When Marbury was communicating with other actors, we just let the camera quietly shoot what they were doing. That was the real Marbury, the one we want to show to the audience.
There is no love interest in the film. Do you think that will make it less appealing for some viewers?
Marbury is happily married and a very responsible husband. His greatest support while working in a foreign land comes from his family—his mother, wife and kids. They are his fountain of strength. He never dated anyone in Beijing and we can't make up such a story. We don't need any romance since Marbury's story is about a different kind of love, such as friendship and love for his career.
What is the most attractive thing about the film?
As I said, love. Marbury owes his success to it.
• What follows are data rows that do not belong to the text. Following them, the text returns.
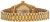 Rolex Women's President Yellow Gold Factory Diamond Bezel and Blue Vignette Dial 69138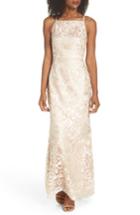 Women's Vince Camuto Sleeveless Embroidered Gown - Beige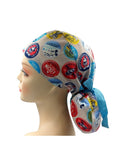 Mickey and Minnie Badge Collections Ponytail Scrub Cap Doctor Theatre Nurse Hospital Paediatric Vet Surgical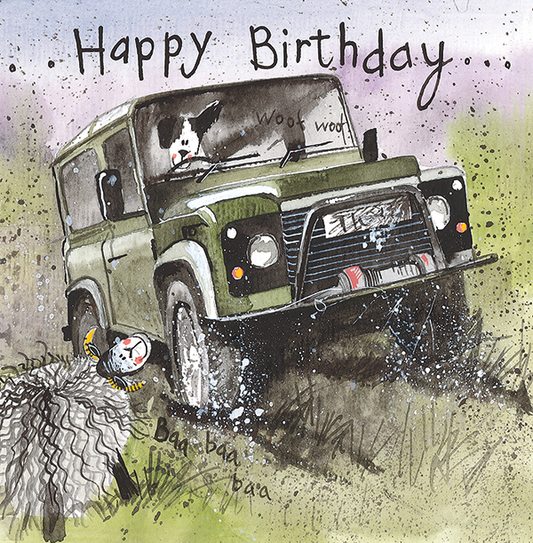 Off Roading 4x4 Birthday Card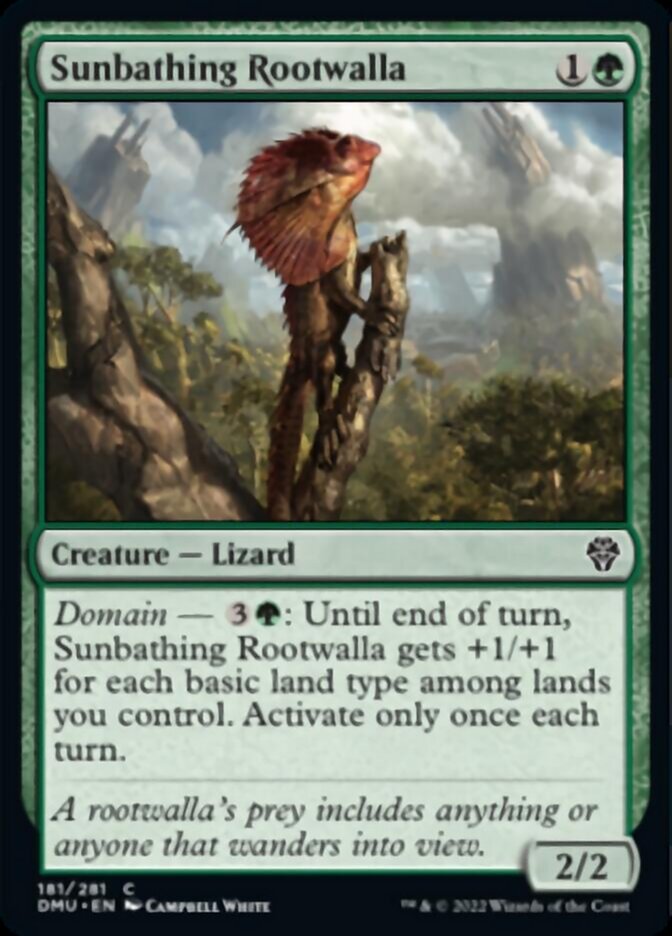 Sunbathing Rootwalla [Dominaria United] | Dumpster Cat Games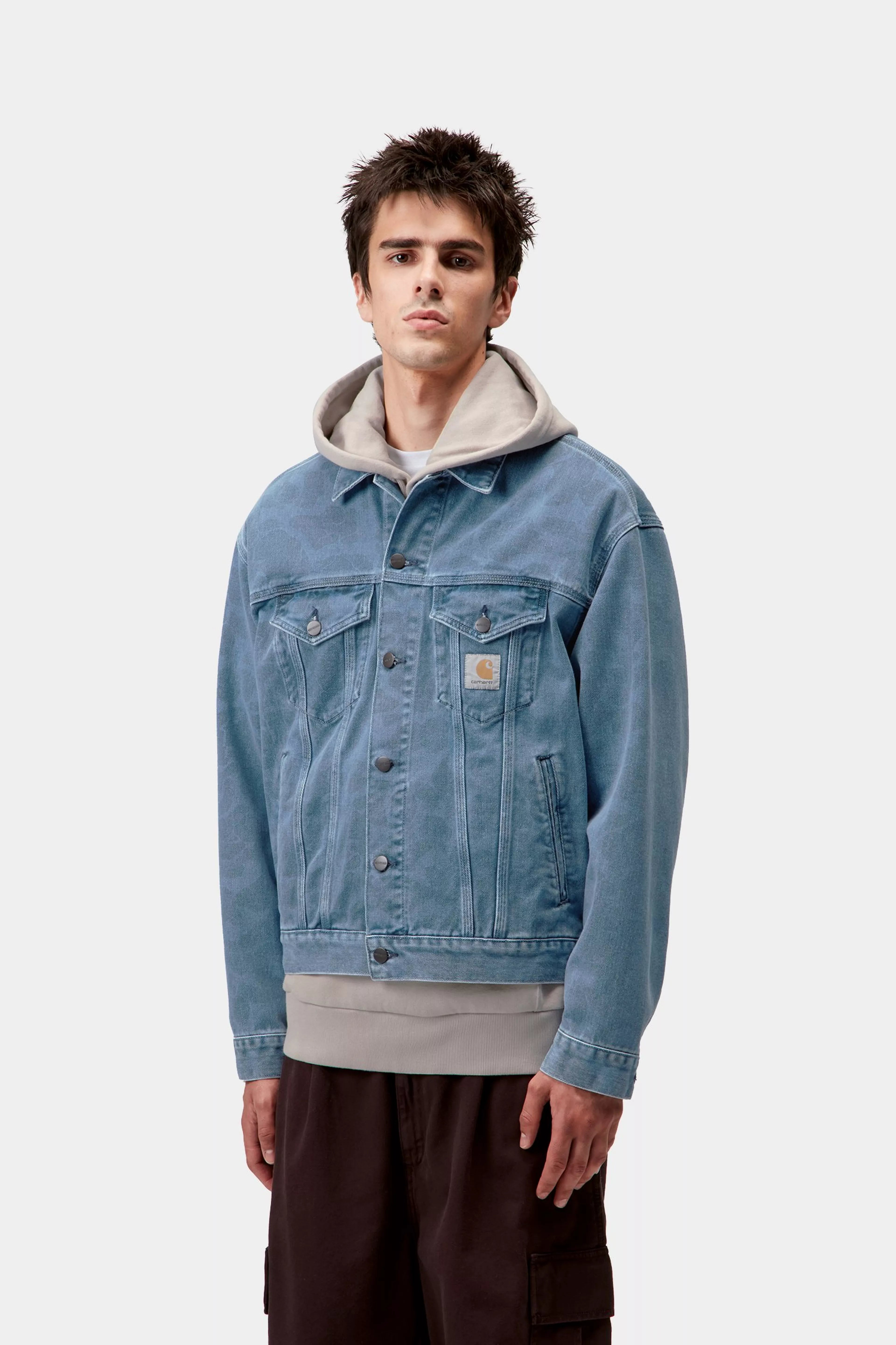 DUCK HELSTON JACKET  - Camo Duck, Blue (bleached)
He loves Beijing and his fans and is willing to give them all he has. It means shouldering more responsibility. There are narratives about his relationship with his teammates, his fatherly coach. The film is not just about Marbury or a replay of his triumphs but the story of how a group of men pursued their dreams.
A poster of My Other Home
What do you think about the Chinese film industry?
I think the good times are about to come, or have already come. In the past, China's movie market encountered a boom bubble with high box-office success. Films with certain themes were considered money-spinners and that led to a lack of originality.
Luckily, this trend has faded as there are demands for deeper, people-oriented films that make you think. Producers have started to return to films with valuable content. I am surprised by the number of young directors who are making good films and I'm proud to be one of them. I hope such directors can bring to the market films with a personal style and both commercial and artistic value.
Should Chinese films go global?
It is inevitable that Chinese films will go global. Although the Chinese audience is our main target, we should not work behind closed doors and make films only for our own people. Going global will show if our films can have a place in the international arena and attract foreign investment.
Movies that represent our strengths, our beliefs and our values should be brought to the rest of the world for the global audience to appreciate the level we have already reached, the ideas we want to present.